The fatherly Eisenhower seemed the perfect leader for the placid society of the 1950s. Consensus was the dominant ideal in an era in which McCarthyism had defined criticism of the social and economic order as disloyalty and most Americans located the enjoyment of freedom in private pleasures rather than the public sphere. With the mainstreams of both parties embracing the Cold War, political debate took place within extremely narrow limits. Even Life magazine commented that American freedom might be in greater danger from “disuse” than from communist subversion.
Commuters returning from work in downtown Chicago, leaving the railroad station at suburban Park Forest, Illinois, in 1953. Social critics of the 1930s claimed that Americans had become “organization men,” too conformist to lead independent lives.
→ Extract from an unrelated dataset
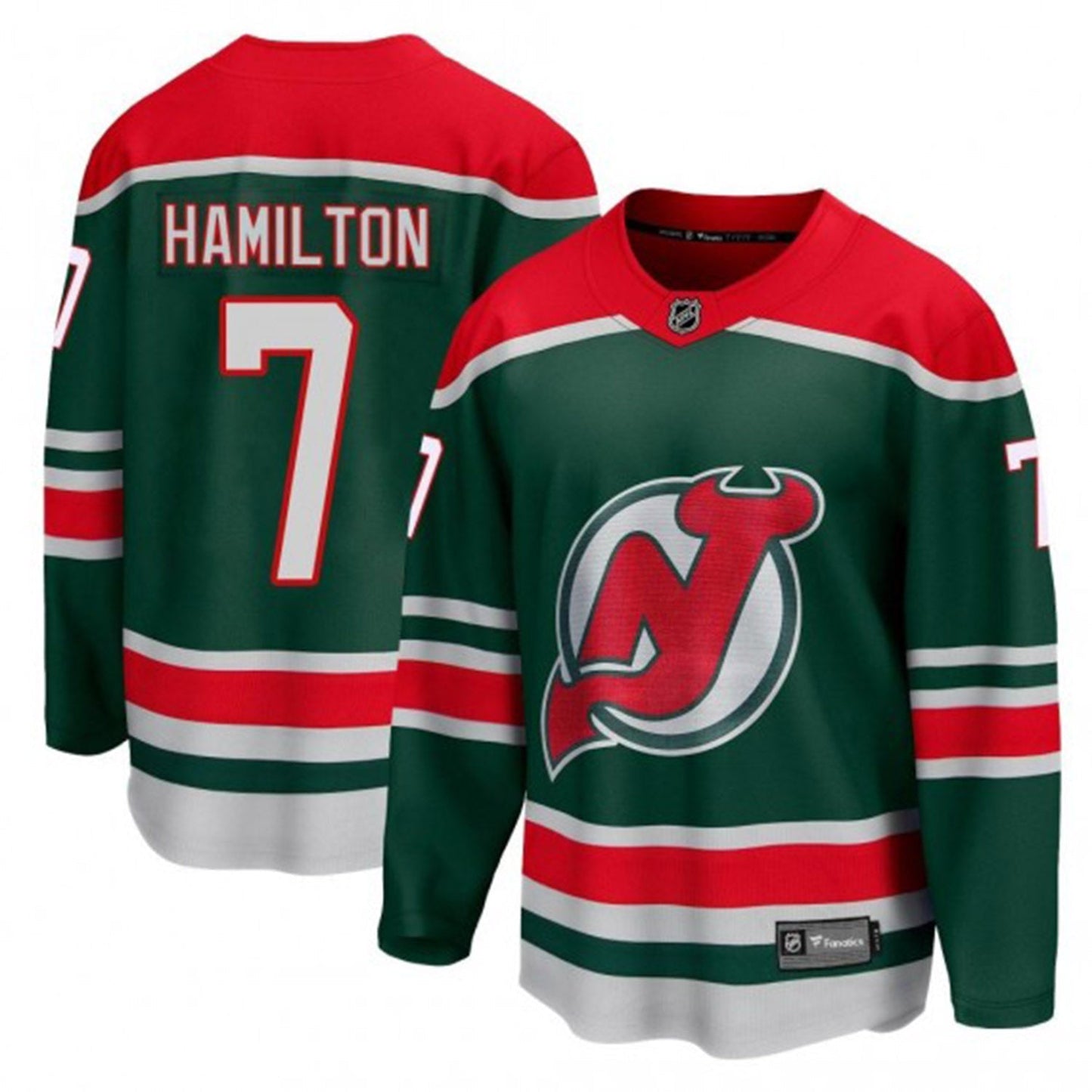 NHL Dougie Hamilton New Jersey Devils 7 Jersey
Dissenting voices could be heard. Some intellectuals wondered whether the celebration of affluence and the either-or mentality of the Cold War obscured the extent to which the United States itself fell short of the ideal of freedom. In 1957, political scientist Hans J. Morgenthau noted that free enterprise had created “new accumulations” of power, “as dangerous to the freedom of the individual as the power of the government had ever been.” More radical in pointing to the problem of unequal power in American society, the sociologist C. Wright Mills challenged the self-satisfied vision of democratic pluralism that dominated mainstream social science in the 1950s. Mills wrote of a “power elite”—an interlocking directorate of corporate leaders, politicians, and military men whose domination of government and society had made political democracy obsolete. Freedom, Mills insisted, meant more than “the chance to do as one pleases.” It rested on the ability “to formulate the available choices,” and this most Americans were effectively denied.
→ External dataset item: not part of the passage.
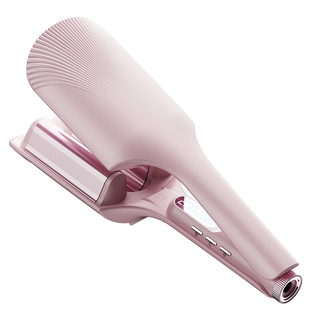 lena蛋卷头卷发棒32mm三管蛋蛋卷棒深v大卷负离子夹板卷发水波纹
Even as the government and media portrayed the United States as a beacon of liberty locked in a titanic struggle with its opposite, one strand of social analysis in the 1950s contended that Americans did not enjoy genuine freedom. These critics identified as the culprit not the unequal structure of power criticized by Mills, but the modem age itself, with its psychological and cultural discontents. Modem mass society, some writers worried, inevitably produced loneliness and anxiety, causing mankind to yearn for stability and authority, not freedom. In The Lonely Crowd (1950), the decade’s most influential work of social analysis, the sociologist David Riesman described Americans as “other-directed” conformists who lacked the inner resources to lead truly independent lives. Other social critics charged that corporate bureaucracies had transformed employees into “organization men” incapable of independent thought.
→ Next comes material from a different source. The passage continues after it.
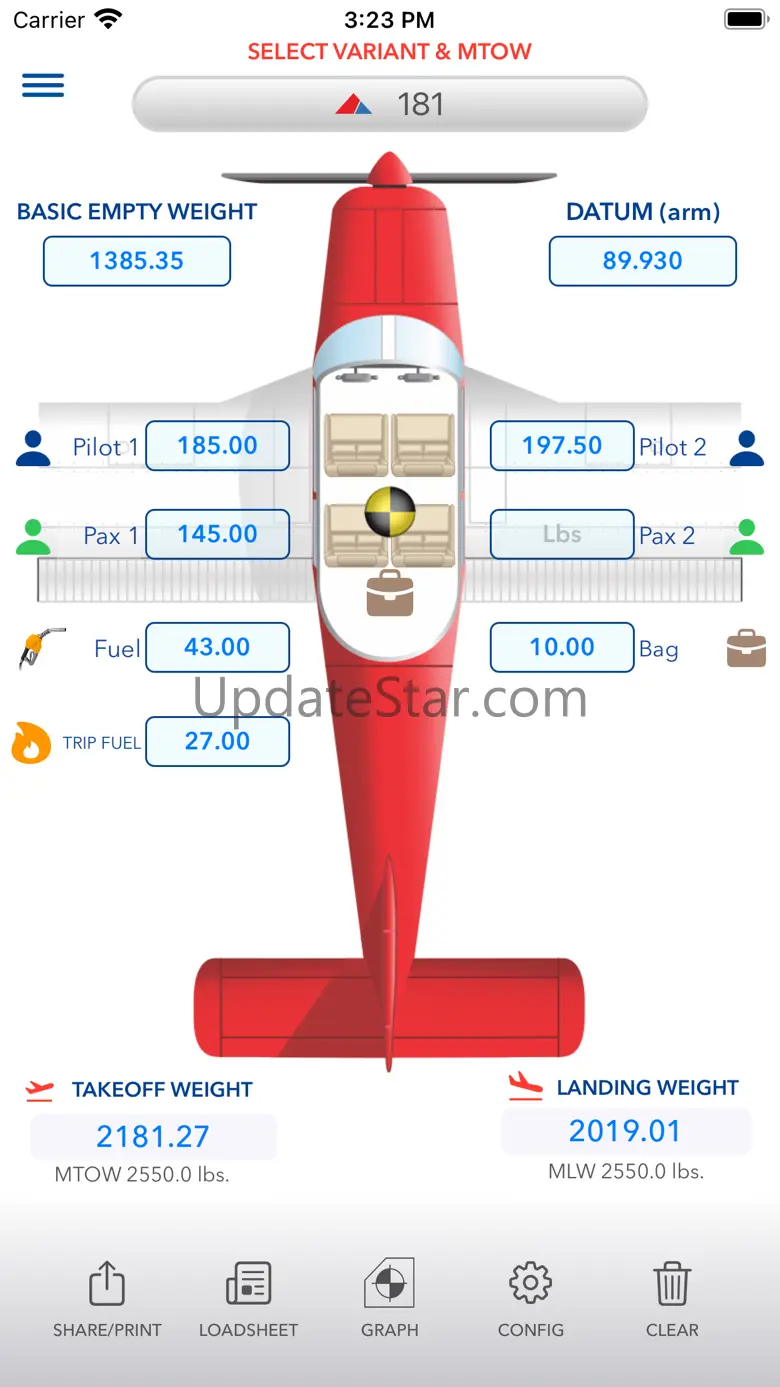 PA28 W&B mobile 4.1.3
Some commentators feared that the Russians had demonstrated a greater ability to sacrifice for common public goals than Americans. What kind of nation, the economist John Kenneth Galbraith asked in The Affluent Society (1958), neglected investment in schools, parks, and public services, while producing ever more goods to fulfill desires created by advertising? Was the spectacle of millions of educated middle-class women seeking happiness in suburban dream houses a reason for celebration or a waste of precious “woman power” at a time when the Soviets trumpeted the accomplishments of their female scientists, physicians, and engineers? Books like Galbraith’s, along with William Whyte’s The Organization Man (1956) and Vance Packard’s The Hidden Persuaders (1957), which criticized the monotony of modern work, the emptiness of suburban life, and the pervasive influence of advertising, created the vocabulary for an assault on the nation’s social values that lay just over the horizon. In the 1950s, however, while criticism of mass society became a minor industry among intellectuals, it failed to dent widespread complacency about the American way.